Segment Start: Data provided

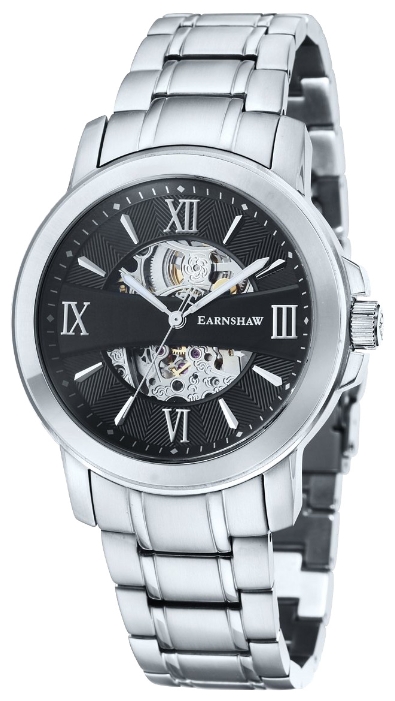 Wrist watch Thomas Earnshaw ES-8005-11 for men - 1 picture, image, photo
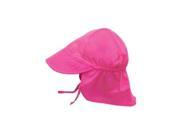 I Play 737101 209 53 Solid Flap Sun Protection Hat Hot Pink 18 24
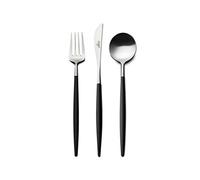 Cutipol Goa Series Home Dinner Flatware Cutlery Set of 3 Pcs, Spoon, Fork, Knife, Professional Cutlery Brand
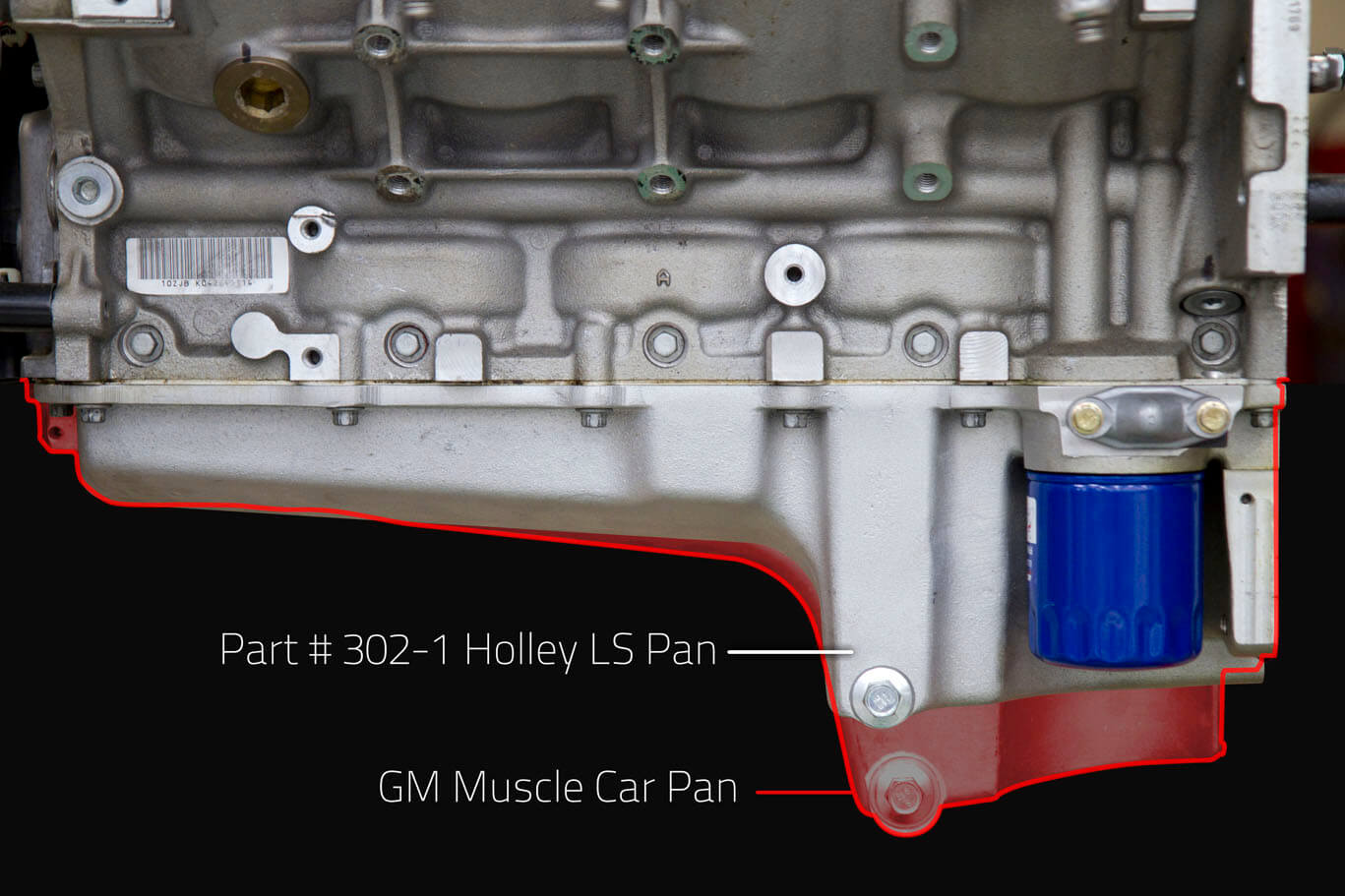 5.0l Swap Oil Pan Clearance And Modification Requirements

Segment End: Data provided

What is needed:
The response consists of the data above printed line for line, with no pictures.

Problem solution:
 Wrist watch Thomas Earnshaw ES-8005-11 for men - 1 picture, image, photo
 I Play 737101 209 53 Solid Flap Sun Protection Hat Hot Pink 18 24
 Cutipol Goa Series Home Dinner Flatware Cutlery Set of 3 Pcs, Spoon, Fork, Knife, Professional Cutlery Brand
 5.0l Swap Oil Pan Clearance And Modification Requirements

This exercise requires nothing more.